Verweerster sub 2 heeft bezwaar tegen de door verzoeker voorgestelde vraagstelling. Uiterst subsidiair verzoekt verweerster sub 1 de rechtbank om, indien wordt overgegaan tot benoeming van een psychiater als deskundige, in geen geval wordt gekozen voor benoeming van de door verzoeker voorgestelde persoon, nu er reeds contact is geweest tussen die deskundige en de medisch adviseur van verzoeker.
4. De beoordeling
Partijen hebben reeds voorafgaand aan dit verzoek gezamenlijk door een cardioloog een deskundigenrapport laten opstellen, waarbij overeenstemming bestond over de persoon van de deskundige en over de aan hem voor te leggen vraagstelling. Omdat verzoeker zich niet kan verenigen met de uitkomst van dit rapport, verzoekt hij de rechtbank nu om een voorlopig deskundigenonderzoek door een psychiater te gelasten. Ter zitting heeft verzoeker gepersisteerd bij zijn verzoek om niet een andere cardioloog, maar juist een psychiater te benoemen. De te benoemen psychiater zou naar de mening van verzoeker moeten oordelen over de kwaliteit van de medische behandeling die verzoeker heeft ondergaan, meer in het bijzonder de controle op de lithiumspiegel die volgens verzoeker had moeten plaatsvinden. De maatstaf voor beoordeling van het handelen van een arts is de zorgvuldigheid die van een redelijk bekwaam en redelijk handelend vakgenoot in gelijke omstandigheden mag worden verwacht. Nu de medische behandelingen van verzoeker zijn verricht door cardiologen, is de rechtbank van oordeel dat een psychiater vanuit zijn eigen specialisme niet kan beoordelen of er door de behandelend cardiologen vanuit hun specialisme lege artis is gehandeld.

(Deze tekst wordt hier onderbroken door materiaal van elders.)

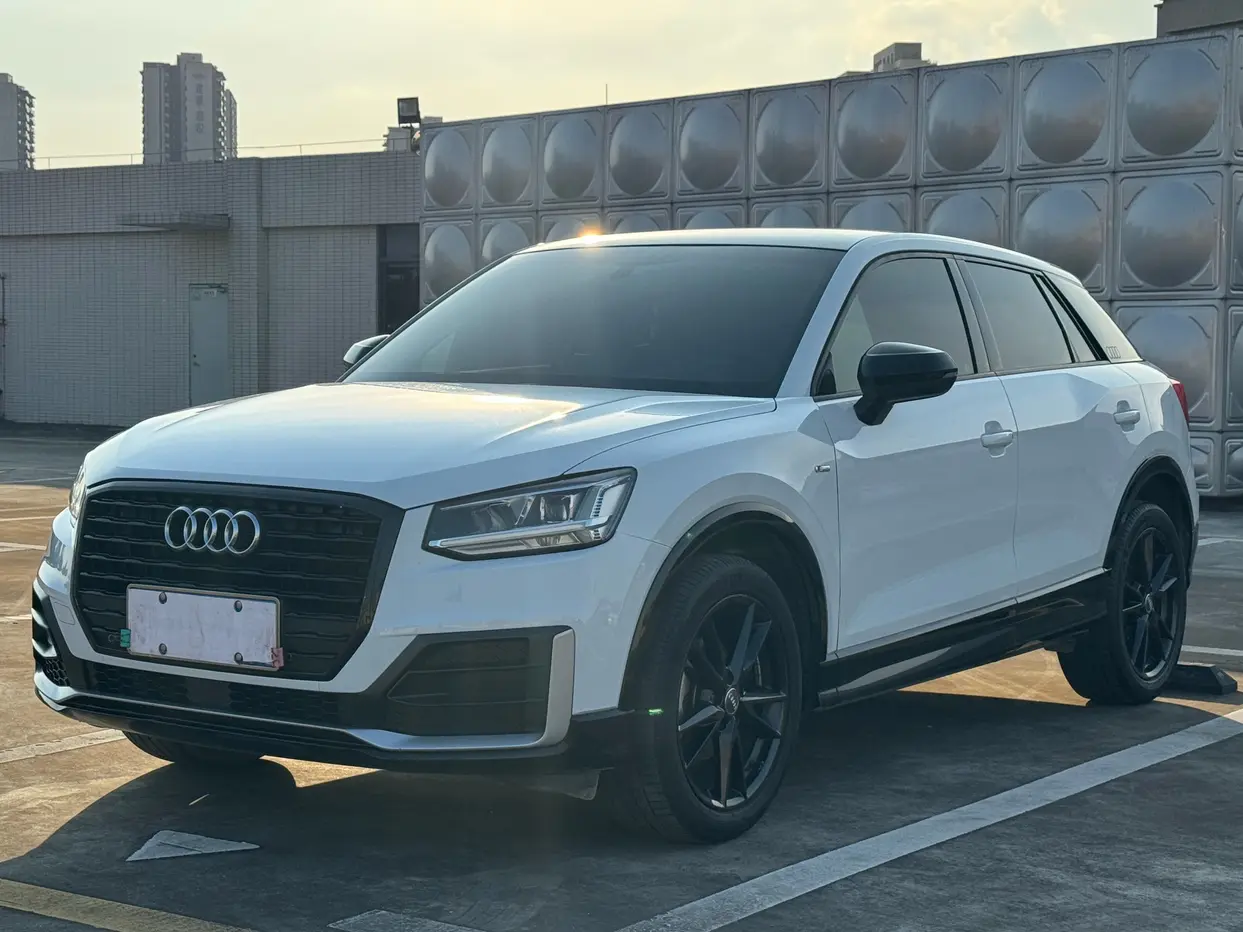 Audi Q2L  из Китая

Dit brengt mee dat het verzochte voorlopig deskundigenonderzoek niet kan bijdragen aan de beslissing in het tussen partijen bestaande geschil. Het verzoek zal dan ook worden afgewezen.
4. De beslissing
De rechtbank:
wijst het verzoek af.
Deze beschikking is gegeven door mr. Adang, vice-president, en uitgesproken ter openbare terechtzitting van de rechtbank voornoemd van 14 november 2003, in tegenwoordigheid van de griffier.